SNB joins international effort to bail banks
Switzerland's central bank will join forces with European, Japanese and Canadian counterparts to relieve ailing financial markets by pumping in more cheap credit.
The announcement follows the collapse of United States investment bank Lehman Brothers on Monday and warnings that several other institutions in desperate trouble.
The Swiss National Bank (SNB) said on Thursday that the coordinated effort to increase repurchase agreements – known as repo auctions – was designed to improve liquidity conditions globally.
Liquidity, or the supply of money available for financial institutions to make transactions, has dried up amid the monetary crisis in the US.
The SNB said it would today begin holding daily auctions with a term of one day for an amount of up to $10 billion (SFr11.2 billion). It hoped this would “address the continued elevated pressures in US dollar short-term funding markets”.

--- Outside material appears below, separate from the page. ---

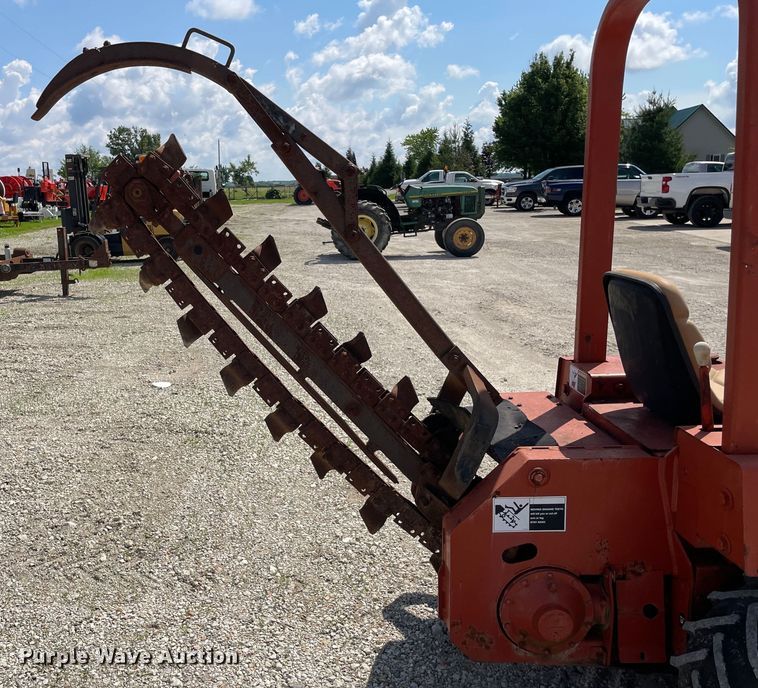 image for item OG9963 1995 Ditch Witch 3610 trencher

The auctions essentially translate into cheap and necessary credit for banks to continue functioning. A one-day, or overnight, term means that the borrower must repay the balance plus interest the next day.
The SNB also said it would increase the limit for 28-day terms from $6 billion to $8 billion and 84-day terms from $6 billion to $9 billion.
The maximum total amount of outstanding credit issued by the SNB has now been raised to $27 billion from the previous limit of $12 billion.